[EXERCISE DATA Boundary: Start]

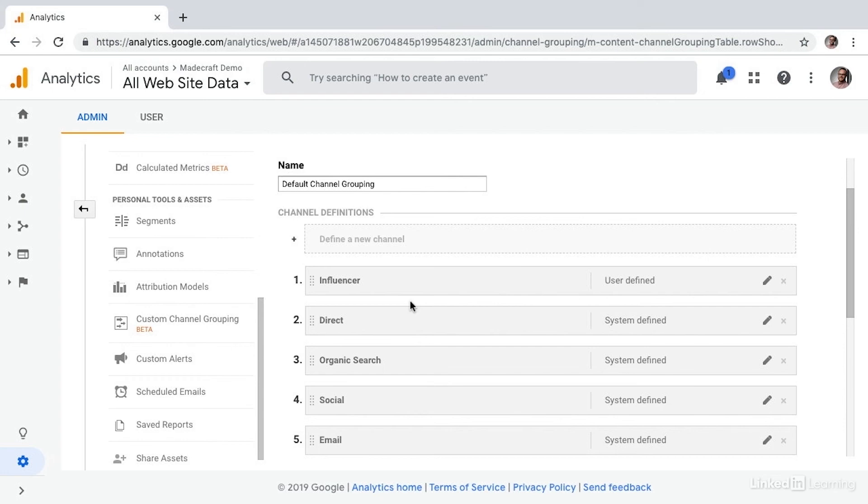And furthermore, you can layer in more and more sources to aggregate into these custom channels. Channel groupings really allow you to further unlock and customize Google analytics to fit your specific needs.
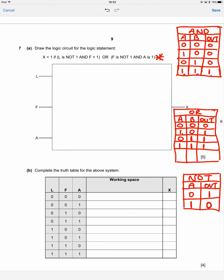Now we're going to draw the logic circuit. In the exam, I'd suggest starting by underlining or highlighting the gates mentioned in the statement. We've got an OR gate, two AND gates, and two NOT gates — so we're probably going to need five gates. That gives us a way to check our answer at the end.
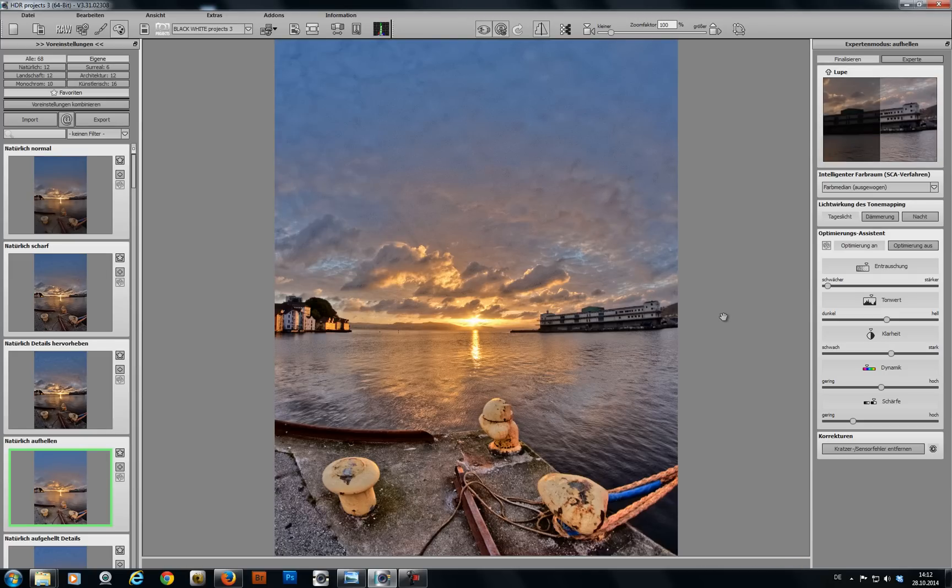It's that easy to transform an exposure series into really cool HDR photos with HDR Project 3. Have fun. Cheers and until next time.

[EXERCISE DATA Boundary: End]

## WHAT IS EXPECTED
May I have only the lines from the start of the data through the line containing "Now we're going", both included, reproduced exactly and without the pictures?

## RESPONSE TO THE TASK
And furthermore, you can layer in more and more sources to aggregate into these custom channels. Channel groupings really allow you to further unlock and customize Google analytics to fit your specific needs.
Now we're going to draw the logic circuit. In the exam, I'd suggest starting by underlining or highlighting the gates mentioned in the statement. We've got an OR gate, two AND gates, and two NOT gates — so we're probably going to need five gates. That gives us a way to check our answer at the end.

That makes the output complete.